Afro-Brazilians remain the principal targets of police brutality, murder and abuse. This 1997 CNN clip shows a Military Police soldier slapping a black man in São Paulo

Excluded from the nation project, blacks were denied access to basic social rights that offered to them social mobility. They could not get formal jobs, they were mostly illiterate and being illiterate, didn’t even have the right to vote. So we have to scour the past and see which consequences of that past are in our present. By denying the humanity of a human being, calling him a macaco, we’re bringing forth a discourse used for hundreds of years to legitimize segregation and exclusion. This prejudicial discourse reflects in statistics on police repression, lag in education and social inequality. It reflects in the difficulty of fighting for political and social rights. It’s no use saying that there is no racism in Brazil when poverty, illiteracy, and cemeteries have black as the dominant color.

It’s more than time for academics and researchers involved with themes related to racism to take the spaces of conservative propagators. It is unacceptable that guys like Danilo Gentili remain at will to spread unanswered racism to his audience. To academics, I ask to leave this university bubble of conferences and seminars, and to come to the street. Occupy the most popular newspapers, radio stations, TV channels. Go face-to-face with society and dialogue in an accessible language. It is useless that we write only for scientific journals if such media does not reach the hands of that high school student who watches by TV the diffusion of veiled and hypocritical racism. If such initiative doesn’t come from down here, it will not come from neither Globo, nor SBT, nor any media of a large audience, since such as initiative directly affects the interests of those that maintain themselves in the of debasing others by skin color.

Source: alaiONline

Note

1. Danilo Gentilli is a popular comedian and host of a late night talk show. Over the years, Gentilli has become famous for making his below-the-belt, racist humor. In one incident that made headlines, Gentilli offered Thiago Ribeiro, a black man, bananas in a Twitter response after Ribeiro challenged the comedian over the racial overtones of some of his jokes. Ribeiro later took Gentili to court over the jokes. In the end, Judge Marcelo Matias Pereira  found Gentili innocent of offending Ribeiro because he did not see in the Tweet from the comedian the purpose and intention of offending the victim. Such is the manner that racism continues to be dealt with in Brazil.

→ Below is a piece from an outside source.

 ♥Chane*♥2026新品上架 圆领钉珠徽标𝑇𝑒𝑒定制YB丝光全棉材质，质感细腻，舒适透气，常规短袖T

2. In Brazil, as in the rest of the world, the term macaco, meaning monkey, remains a very popular manner of insulting and dehumanizing persons of visible African descent.

3. Joaquim Maria Machado de Assis, often known by his surnames as Machado de Assis, Machado, or Bruxo do Cosme Velho (June 21, 1839 – September 29, 1908), was a Brazilian novelist, poet, playwright, short story writer, and advocate of monarchism. Widely regarded as the greatest writer of Brazilian literature, nevertheless he did not gain widespread popularity outside Brazil in his own lifetime. He was multilingual, having taught himself French, English, German and Greek in later life (Source). Although Assis was of African ancestry, there has long been a long discourse of whitening the author’s racial classification over the years culminating in an infamous TV commercial in which the writer was portrayed by a white actor. Protests by black leaders forced the creators of the commercial to replace the actor with an Afro-Brazilian.

4. In Brazil’s slavery era, the main task of the black capitão do mato was to hunt down, capture and return fugitive slaves to captivity.

5. “A Redenção de Cam” or “The redemption of Ham” by Modesto Brocos (1895) and the concept of embranquecimento (or whitening) in accordance with Brazilian elites’ ideals for the whitening the Brazilian population has been dealt with on other posts here. The painting represents the eventual disappearance of the black race through successive mixing with whites. The black grandmother, at left, looks to the heavens and thanks God for removing the “black stain” from the family after her mulata daughter gives birth to a white baby. The palm leaves in the background represent a symbol of hope.